Alexi dan Tiara Mommy Darren segera berdiri dan menghampiri dokter tersebut dan menanyakan keadaan Darren.


" Doctor how is Darren's condition? " ( Dokter bagaimana keadaan Darren? ) Tanya Alexi dan Tiara Mommy Darren bersamaan.


" are you a patient's family? " ( kalian keluarga pasien? ) Tanya dokter tersebut.


" Yes, we are family doc " ( Ya, Kami keluarganya dok ) Jawab Alexi dan Mommy Darren bersamaan.


" Emm like this, Mr.

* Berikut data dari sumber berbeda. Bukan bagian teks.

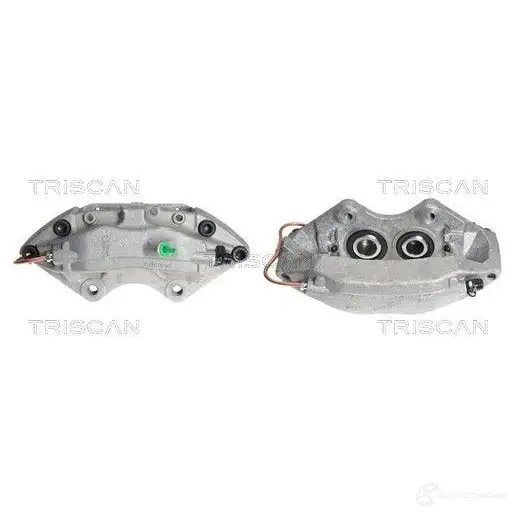 Тормозной суппорт TRISCAN 8170343769 66Y DS 5705444007961 1133076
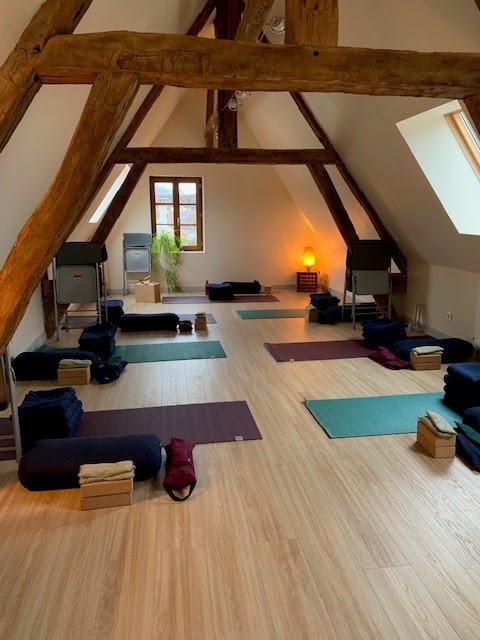 Alexandra Moreau - Yoga et Ayurvéda · Photos 4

Matthews is fine and has passed his critical period, except that he was declared in a coma due to a collision on his head and also his right leg had a broken bone and had to be casted " ( Emm begini keadaanTuan Matthews sudah baik - baik saja dan sudah melewati masa kritisnya hanya saja beliau dinyatakan koma akibat benturan di kepalanya dan juga kaki kanannya mengalami patah tulang dan harus di gips ) Jelas dokter panjang lebar menjelaskan kondisi Darren saat ini. Setelah mendengar penjelasan dokter Mommy Darren kembali menangis dan memeluk Alexi erat, Alexi pun membalas pelukan mertuanya tersebut.


" Can we visit the doctor? " ( Bisakah kita menjenguknya dokter? ) Tanya Alexi dengan masih memeluk mertuanya tersebut.


" Can you Madam, after we move it to the room " ( Bisa Nyonya, setelah kita memindahkannya ke ruang inap ) Jawab dokter tersebut.


" Alright thanks doctor " ( Baiklah terima kasih dokter ) Ucap Alexi.


" Alright, then excuse me " ( Baiklah, kalau begitu saya permisi ) Dokter tersebut pun berlalu dan Alexi segera membawa mertuanya duduk di kursi kembali.


Alexi masih setia memeluk mertuanya tersebut dan menenangkannya.


Sedangangkan Aldrich dan Maisha hanya duduk diam dan melihat Mommy dan Grandmanya berpelukan. Tapi di dalam hati Aldrich ia berkata.


Daddy maafin Al karena selalu bersikap cuek dan dingin kepada Daddy, Al sayang sama Daddy jadi Al mohon cepat bangun ya Daddy terus kita bisa main sama - sama dan tinggal bersama.